I used to have a working raid-1, but suddenly the divices, which used to be in /dev/mapper, have disappeared.  Moreover, I can't seem to reactivate them...

Here's the background: dmraid -r as well as dmraid -ay -v pdc... [-t][-v] works well, apparently, but doesn't create the devices as specified in fstab:

/dev/mapper/pdc_...1 /Raid/1        auto        noauto            0 0

+ 3 more such lines

This file hasn't been touched lately. So I created the directory /dev/mapper and the devices by means of

mknod /dev/mapper/pdc_...1 b 9 1

But when I attempt to mount /Raid/1 I get the message: "can't read superblock".  dmesg then yields a new line saying "FAT: unable to read boot sector".  Under Windows, the disks are readable as before.

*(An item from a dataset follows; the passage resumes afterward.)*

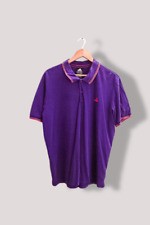 Vintage Adidas Clima365 purple men's short sleeve polo shirt XL| SKU 2686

I'm runing kernel 2.6.30-gentoo-r4, the problem did not occur under kernel 2.6.29-gentoo-r5.  Could the recent controversy over Microsoft's "patent" concerning long VFAT file names have something to do with my problem?  However, I can sill mount and read other VFAT-formatted disks.

-- Jürgen

----------

## koslowj

Unfortunately no help so far.  I've since tried dmraid-1.0.0.rc15 instead of the default dmraid-1.0.0.rc14.  At least this now reports that my raid set "was not activated", whereas the old version would poruce no indication of its failure.  Calling "dmraid -ay debug" produces the following output:

dmraid -ay --debug 

DEBUG: _find_set: searching pdc_cghgfdgdh

DEBUG: _find_set: not found pdc_cghgfdgdh

DEBUG: _find_set: searching pdc_cghgfdgdh

DEBUG: _find_set: not found pdc_cghgfdgdh

DEBUG: _find_set: searching pdc_cghgfdgdh

DEBUG: _find_set: found pdc_cghgfdgdh

DEBUG: _find_set: searching pdc_cghgfdgdh

DEBUG: _find_set: found pdc_cghgfdgdh

DEBUG: checking pdc device "/dev/sda"

DEBUG: checking pdc device "/dev/sdb"

DEBUG: set status of set "pdc_cghgfdgdh" to 16

DEBUG: checking pdc device "/dev/sda"

DEBUG: checking pdc device "/dev/sdb"

DEBUG: set status of set "pdc_cghgfdgdh" to 16

RAID set "pdc_cghgfdgdh" was not activated

DEBUG: freeing devices of RAID set "pdc_cghgfdgdh"

DEBUG: freeing device "pdc_cghgfdgdh", path "/dev/sda"

DEBUG: freeing device "pdc_cghgfdgdh", path "/dev/sdb"

As I mentioned before, this used to work until about the end of July, but even booting my previous kernel (2.6.29-r5) does not solve the problem.  Now I'm runing 2.6.30-r4.  

Googeling showed a number of such failures nut limited to Promise controllers.  Apparently, there are different versions of dmraid-1.0.0.rc15 available, I've seen references to -1, -5 and -6.

-- Juergen

----------

## koslowj

Reconfiguring the kernel by changing CONFIG_BLK_DEV_DM from a module to being hard-wired into the kernel seems to have solved the problem.  After rebooting, I now have a /dev/mapper directory (which previously was missing), and dmraid finds and activates the raid sets.  Not very reassuring, if something like this breaks out of the blue...

-- Juergen

----------